11 ways to ensure your marketing delivers value when budgets are tight

Renewable energy marketing and communication professionals are under increasing pressure to deliver more results with tighter budgets. Laying the right foundation is a key step to take if you are to optimise the results of your communication programs and processes. Here are 11 ways to help you move in the right direction.

Get your primary marketing materials right
The marketing basics are your brand identity and your primary communication tools such as your website, brochures or case studies. Ask yourself: What is the point of spending your budget on promotional programs such as advertising, if you end up losing the leads you have generated because your website doesn’t live up to your customers’ needs and expectations? Make sure you take care of your marketing material properly in the three areas of design, content and user experience. If your logo is dated, you should seriously envisage a rebrand.   

Start Measuring Marketing ROI
We can’t put a greater emphasis on this. Although it is generally accepted that measuring marketing ROI is a very strenuous task (and in some cases perhaps impossible), you must focus on this however imperfect the results will be. This will help you to identify what is worth doing or not, as well as to demonstrate the value of your marketing spend, which will eventually lead up to your getting the budget that is really required in the following budget years.

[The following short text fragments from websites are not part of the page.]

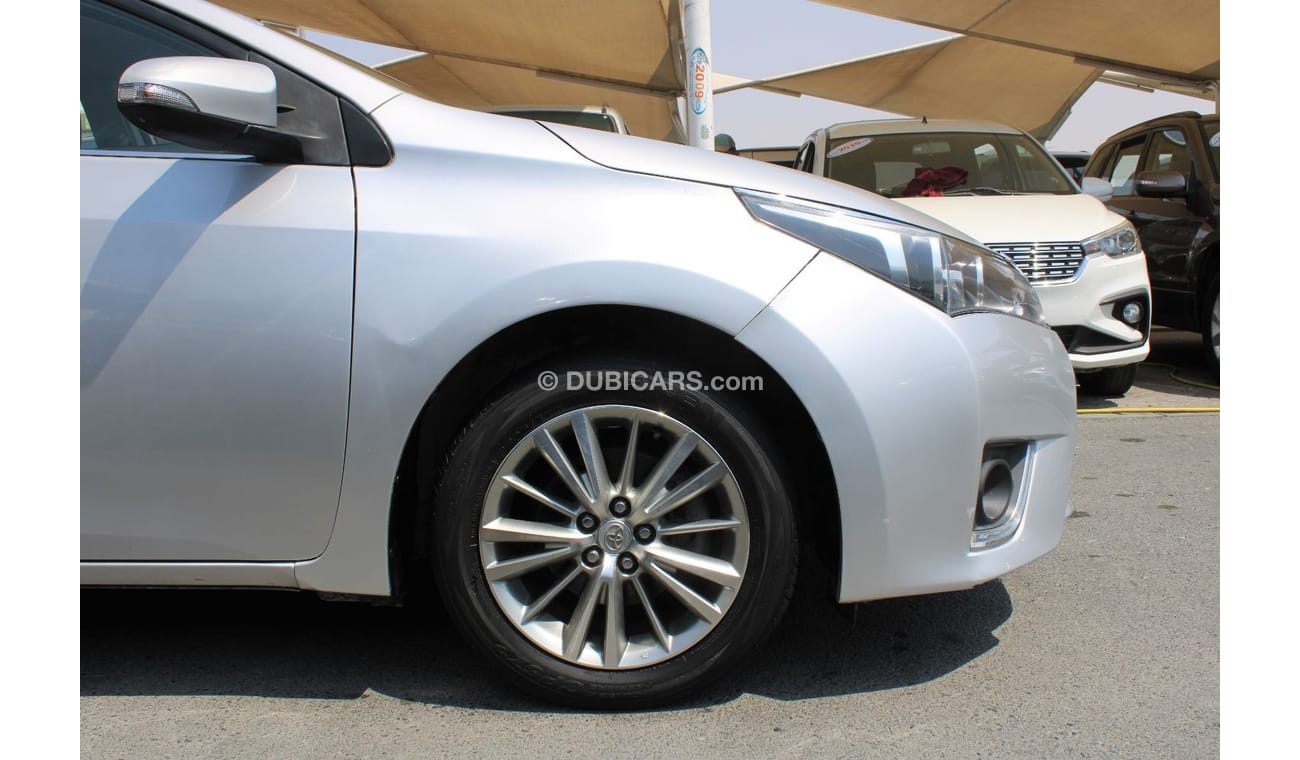 تويوتا كورولا SE+ خالية من الحوادث - خليجي - بصمة - مكينة  2000 سي سي - السيارة بحالة ممتازة من الداخل والخارج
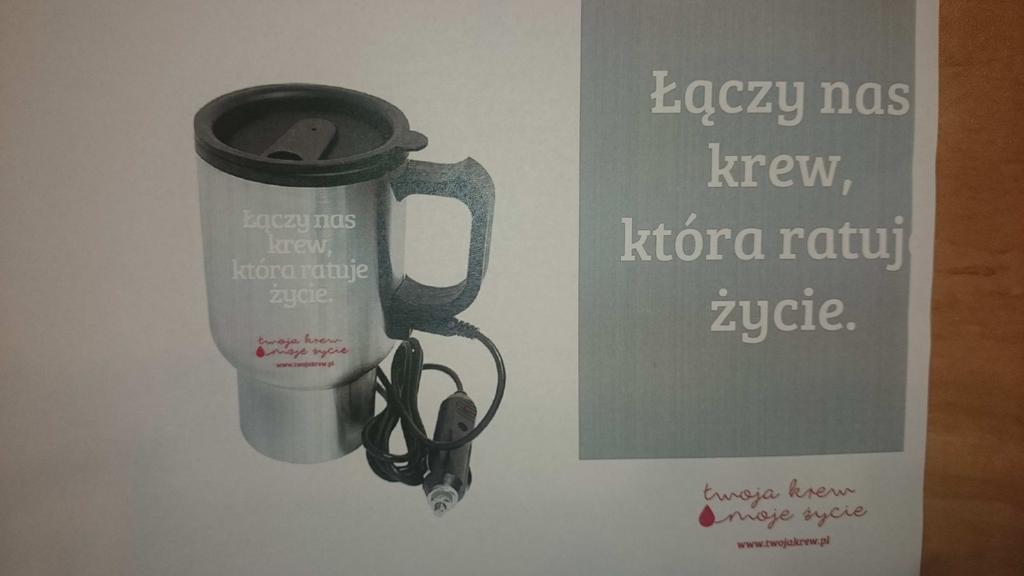 Ilość: 11 730 sztuk - dostawa do 18 RCKiK CZĘŚĆ 2: KUBEK TERMICZNY pojemność kubka: 400 ml (±20 ml), kolor: srebrny z czarnymi elementami, wykonanie: stal nierdzewna, tworzywo, podwójna ścianka ze
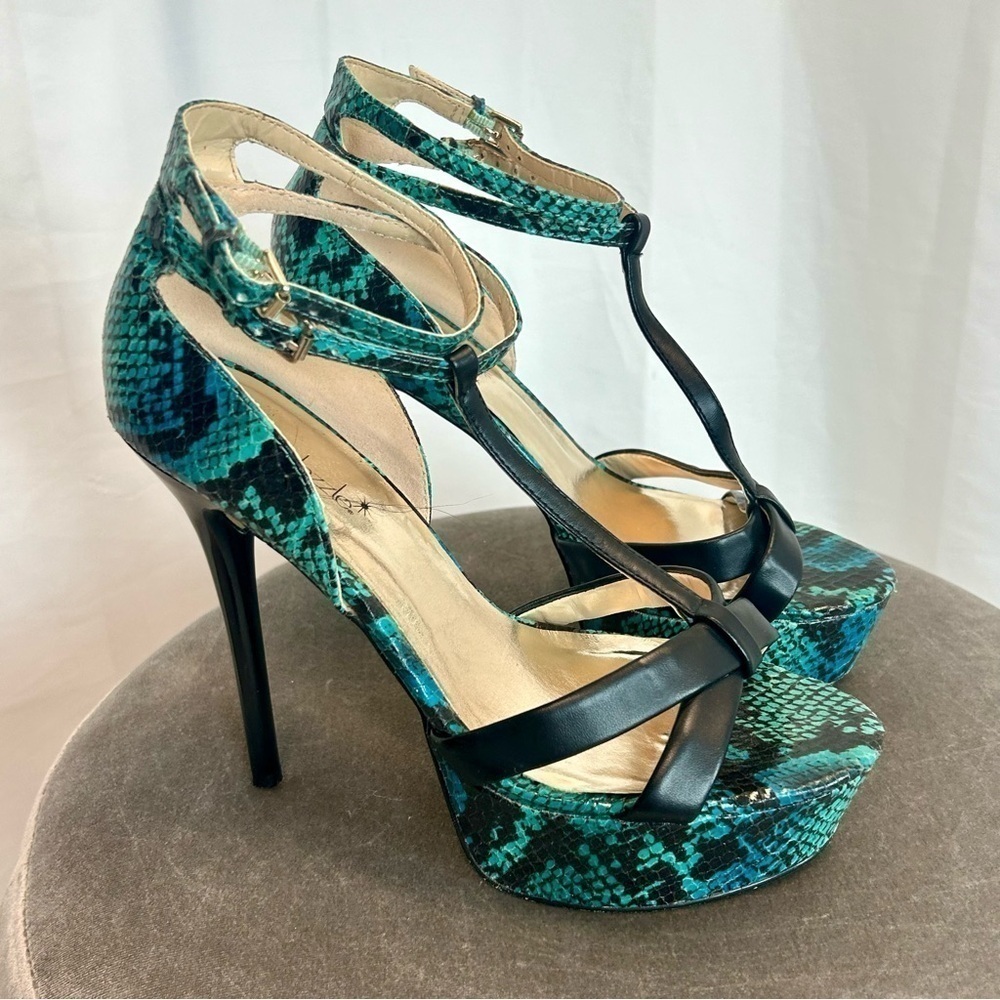 Shoe Dazzle Jocasta blue green snake print strappy platform high heel stilettos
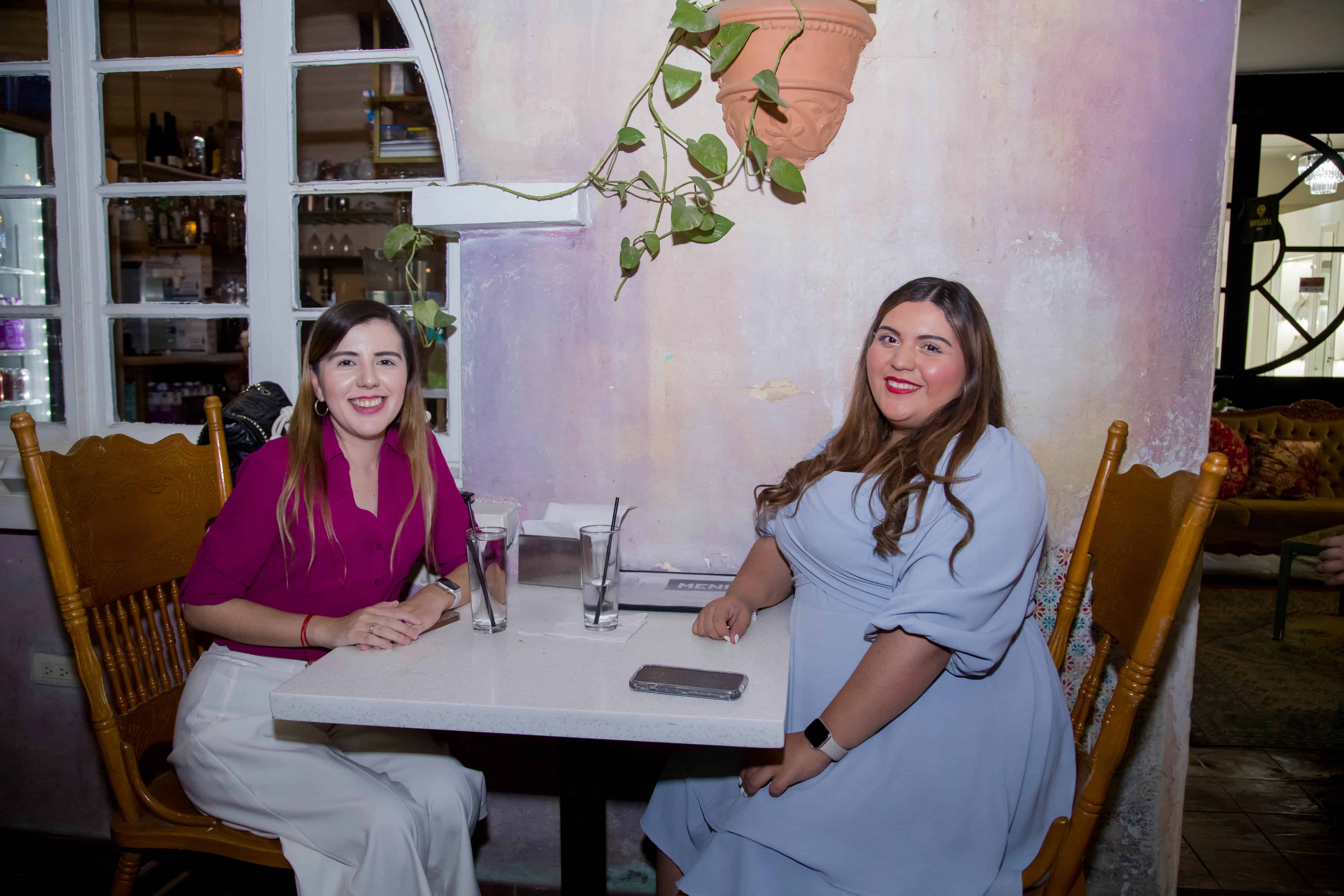 Pasan una tarde fresca y amistosa en Mona Café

Focus on creativity and imagination
Money will buy you quantity, but remember that great ideas cost you nothing other than time, and deliver huge value. Make sure you and your team operate in an environment that is favourable to creativity. Leverage your team’s creative capital or hire an agency that will provide fresh ideas and perspectives.

Challenge every activity
All too often, we do things simply because we have always done it before. It is wrong, wrong, wrong. Ask yourself: Can I live without doing this? What will be the real impact on the business if I don’t do this activity? This exercise can also consequently free up time and budget to engage in new, higher value marketing activities.

Demand to see the business plan
We have seen it before: the top management requires to see your marketing strategy without giving you access to the business plan (sometimes there simply isn’t one!).  This doesn’t make any sense whatsoever. A marketing strategy must always be entirely based on the business development objectives and strategy developed in the business plan.  So insist on getting access to the business plan.

Integration matters
All your activities should have at least some level of integration.  This is a good way to weed out useless activities: if you can’t integrate an activity to the broader plan, consider investing your time and money on something else that makes more sense.

Establish a correct, need-based customer segmentation
List each of your markets in terms of business priorities. Describe the value that is required by each segment, and how your organisation creates this value. Write up segment specific propositions to start having more targeted and relevant communications with your various audiences.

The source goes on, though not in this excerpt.